Exercise requirements:
With pictures excluded, copy word for word the lines in the data below from the line containing "CITIZEN_SILVER-BROWN" through the line containing "DMCコットンパール8番糸 #48".

[Data]

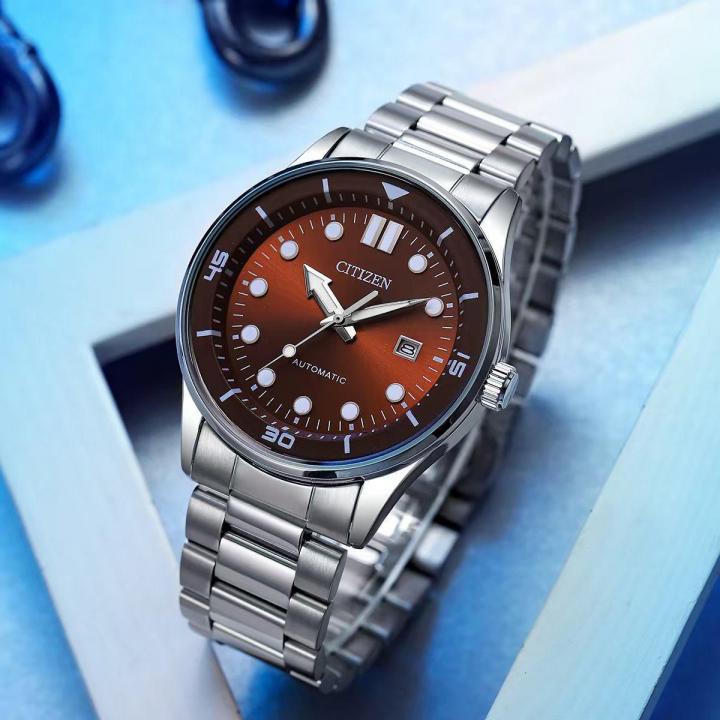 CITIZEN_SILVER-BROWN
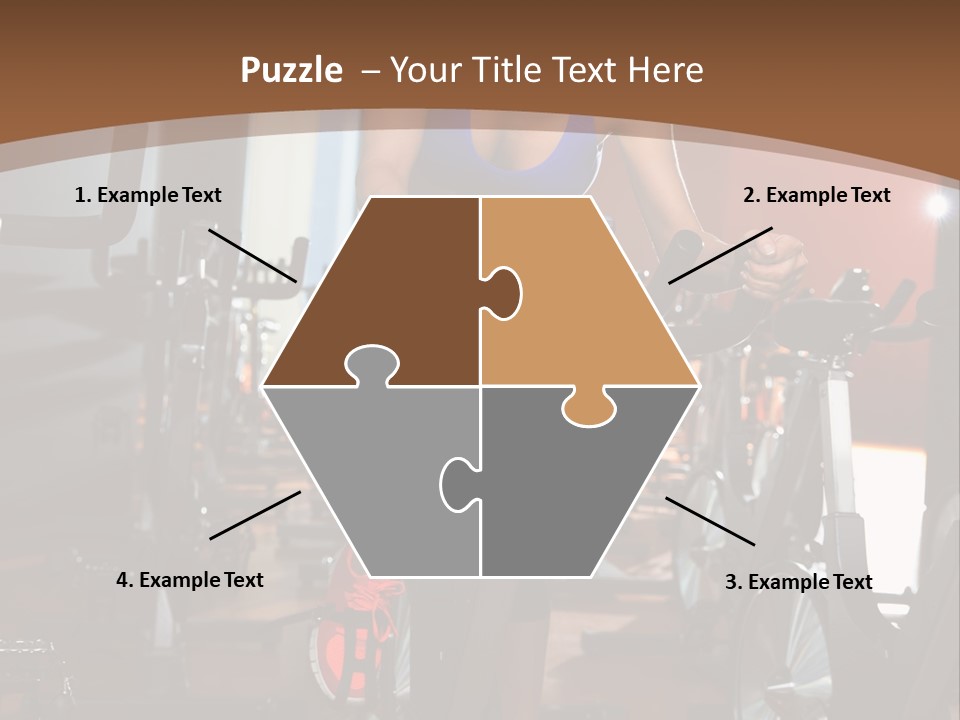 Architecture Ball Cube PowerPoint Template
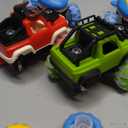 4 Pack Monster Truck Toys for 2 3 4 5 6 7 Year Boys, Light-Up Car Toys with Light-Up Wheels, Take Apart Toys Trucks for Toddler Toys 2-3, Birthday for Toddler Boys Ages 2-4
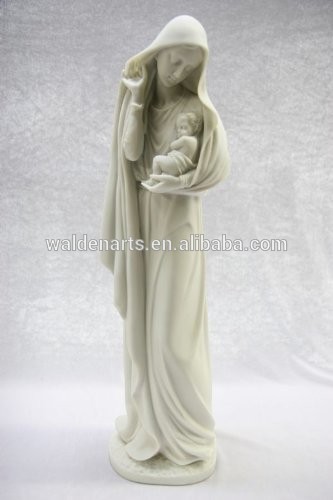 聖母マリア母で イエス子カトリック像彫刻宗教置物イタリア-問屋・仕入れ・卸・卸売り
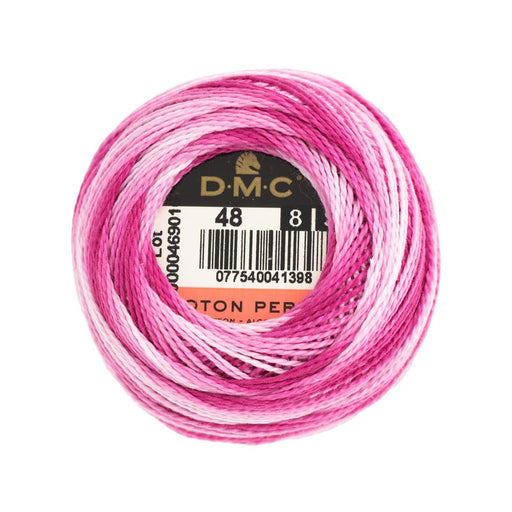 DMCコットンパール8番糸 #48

[/Data]
[Data]

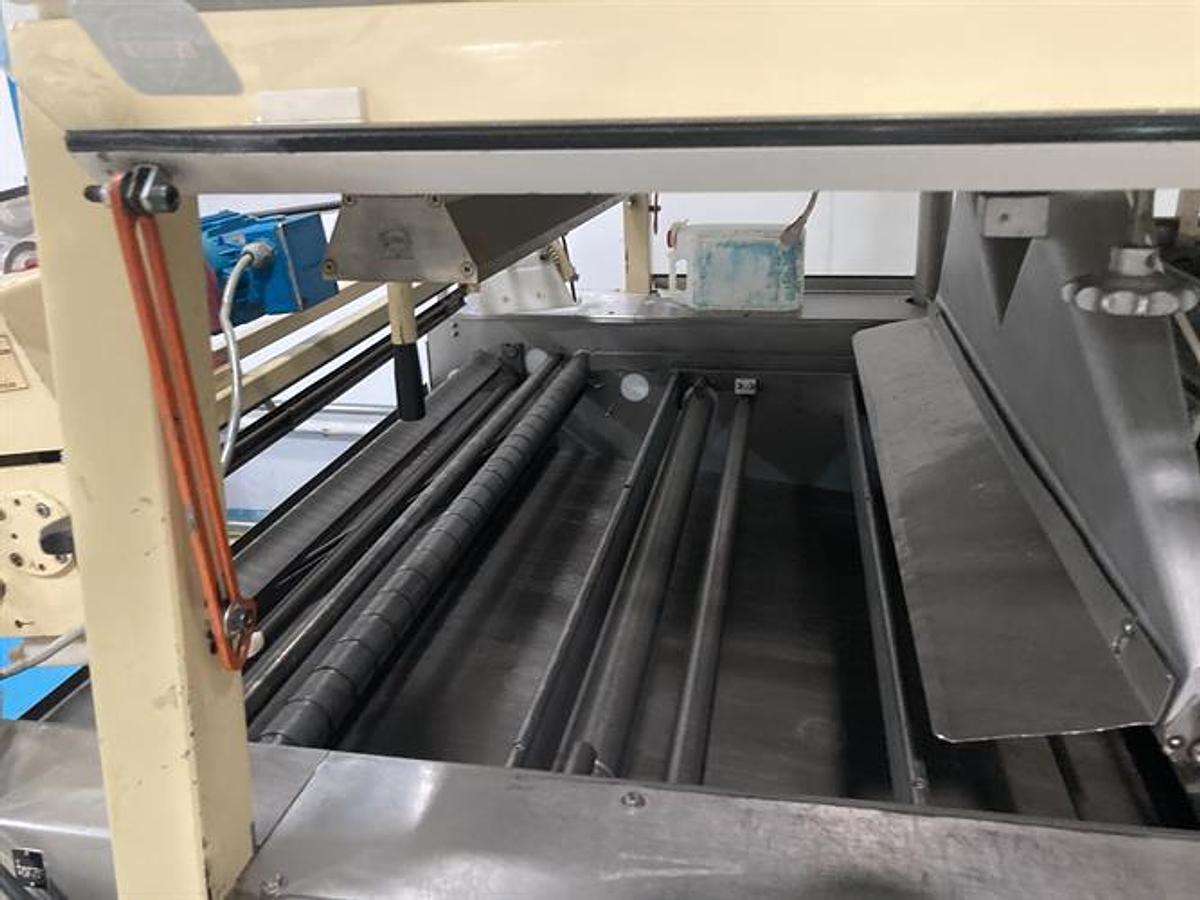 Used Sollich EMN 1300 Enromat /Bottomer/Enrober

[/Data]
[Data]

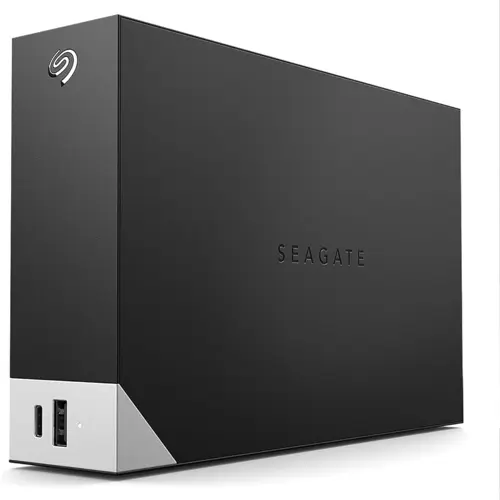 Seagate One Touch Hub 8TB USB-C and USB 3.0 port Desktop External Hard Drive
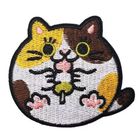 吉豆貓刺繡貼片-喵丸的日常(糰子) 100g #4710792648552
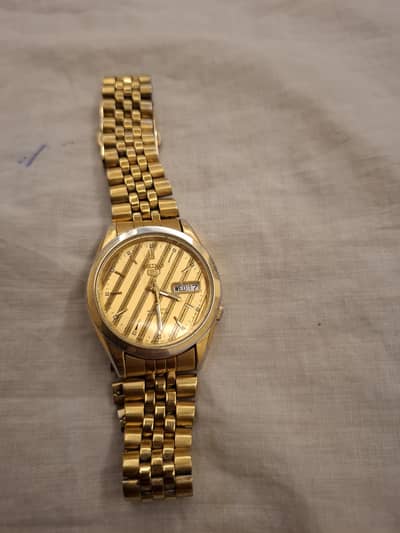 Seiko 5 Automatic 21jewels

[/Data]

Exercise solution:
 CITIZEN_SILVER-BROWN
 Architecture Ball Cube PowerPoint Template
 4 Pack Monster Truck Toys for 2 3 4 5 6 7 Year Boys, Light-Up Car Toys with Light-Up Wheels, Take Apart Toys Trucks for Toddler Toys 2-3, Birthday for Toddler Boys Ages 2-4
 聖母マリア母で イエス子カトリック像彫刻宗教置物イタリア-問屋・仕入れ・卸・卸売り
 DMCコットンパール8番糸 #48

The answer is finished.